China in 2019: Major moves in country's economic reform and opening-up
"Standing at a new historical starting point, China will open its door only wider to the world."
- Xi Jinping
In 2018, at the first China International Import Expo, President Xi Jinping announced initiatives China planned to take in five areas to expand opening-up. One year on, these have been largely implemented and China continues to unveil measures aimed at breaking new ground in opening-up and delivering high-quality development.
According to a decision adopted at the fourth plenary session of the 19th Central Committee of the Communist Party of China in late October, the country will up the pace in improving the socialist market economy and the technological innovation mechanism so as to build a new economic system with a higher level of openness.
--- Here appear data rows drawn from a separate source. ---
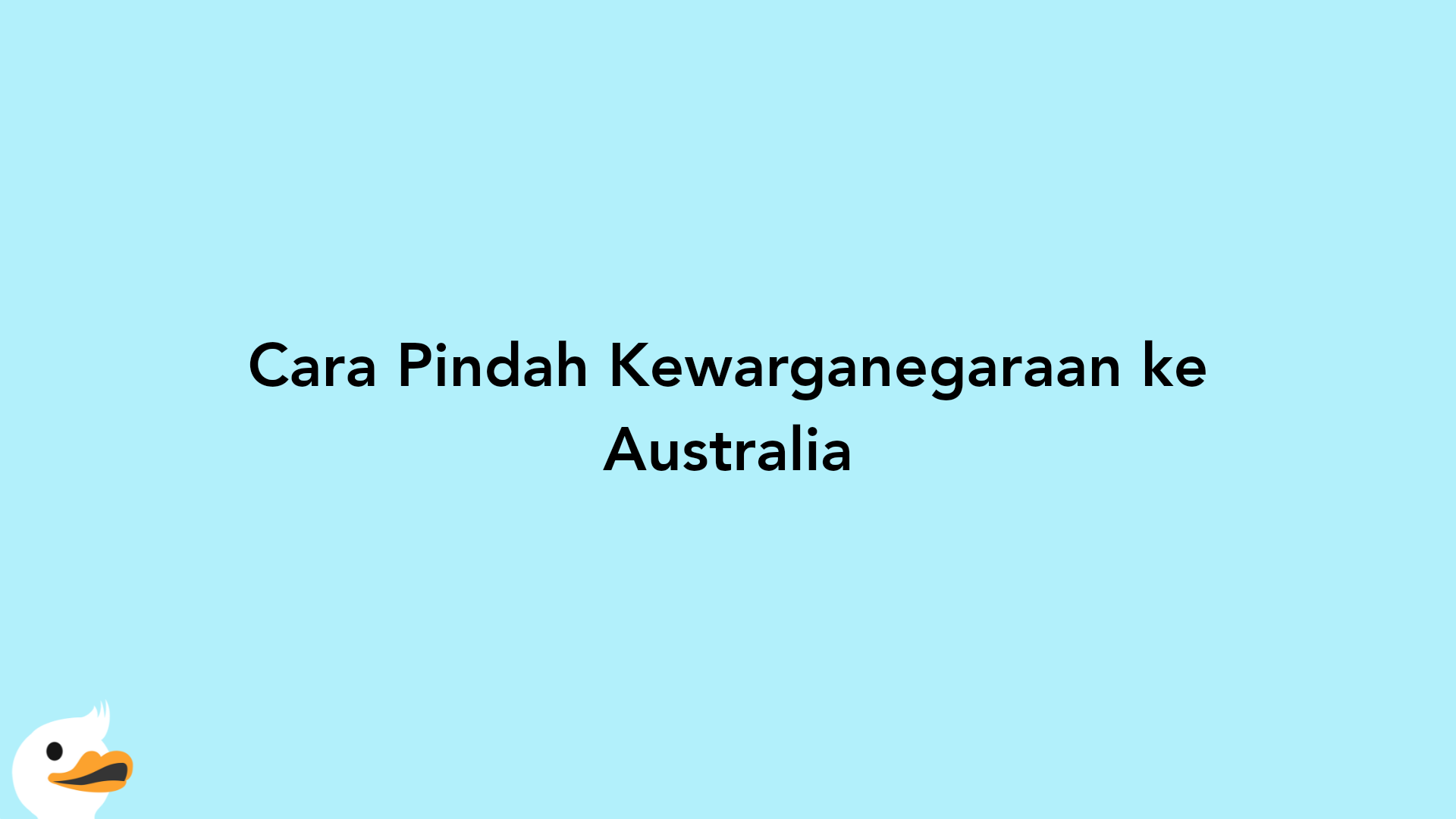 Cara Pindah Kewarganegaraan ke Australia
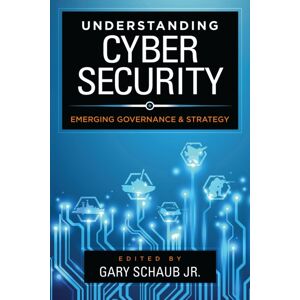Bloomsbury Publishing PLC Understanding Cybersecurity : Emerging Governance And Strategy Bloomsbury Publishing PLC Understanding Cybersecurity : Emerging Governance And Strategy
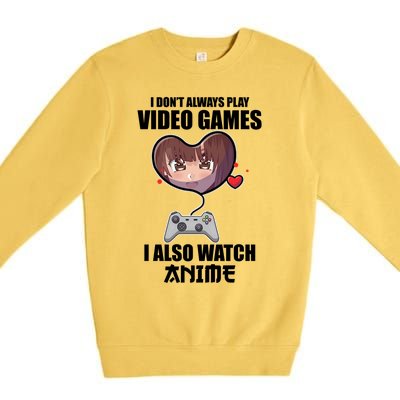 I Dont Always Play Video Games Funny Anime Gaming Gift Premium Crewneck Sweatshirt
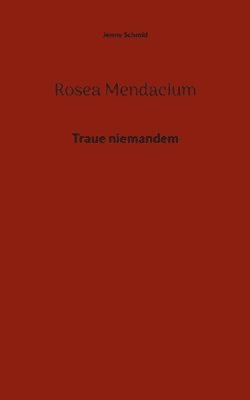 bokomslag Rosea Mendacium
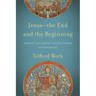 Jesus--The End and the Beginning: Tracing the Christ-Shaped Nature of Everything
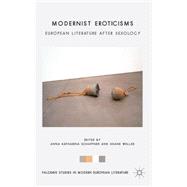 Modernist Eroticisms European Literature After Sexology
The Shanghai Pilot Free Trade Zone (FTZ) was extended with the inclusion of Lingang special area in 2019, and six new FTZs were set up in the provinces of Shandong, Jiangsu, Guangxi, Hebei, Yunnan and Heilongjiang, bringing the total number of China's pilot FTZs to 18.
The FTZs serve as pioneers of the country's reform and opening-up as they test new styles of foreign investment management, trade facilitation and transformation of government functions to better align the economy with international practices.
The Shanghai Stock Exchange launched a sci-tech innovation board (STAR market), with a registration system piloted for the listing of companies.
The Nasdaq-style board is designed to provide direct financing support for companies in the high-tech and strategic emerging sectors, such as new-generation information technology, advanced equipment, new materials, new energy, energy saving and environmental protection.
Foreign Investment Law
A Foreign Investment Law, approved in 2019, will enter force on January 1, 2020. The law is designed to give foreign businesses broader market access, protect their intellectual property, prohibit forced technology transfer, and guarantee equal treatment (a "level playing field") for foreign and domestic companies.
Years in the making, China's Foreign Investment Law exemplifies the government's commitment to facilitate foreign companies doing business in China and enhance the kinds of market competition that benefits Chinese consumers.
Shortened negative list
China released a revised negative list for foreign investment market access on November 22, cutting the number of sectors and businesses that are off-limits for foreign investors.
Twenty items – 13 percent of the total – have been cut from the list of industries and business sectors where foreign investment was either prohibited or restricted.
These are major steps in the development of a more stable and unified business environment for all market players, especially small and medium-sized enterprises.
Major progress is being made in increasing imports, reducing domestic taxes and in bringing down tariff levels.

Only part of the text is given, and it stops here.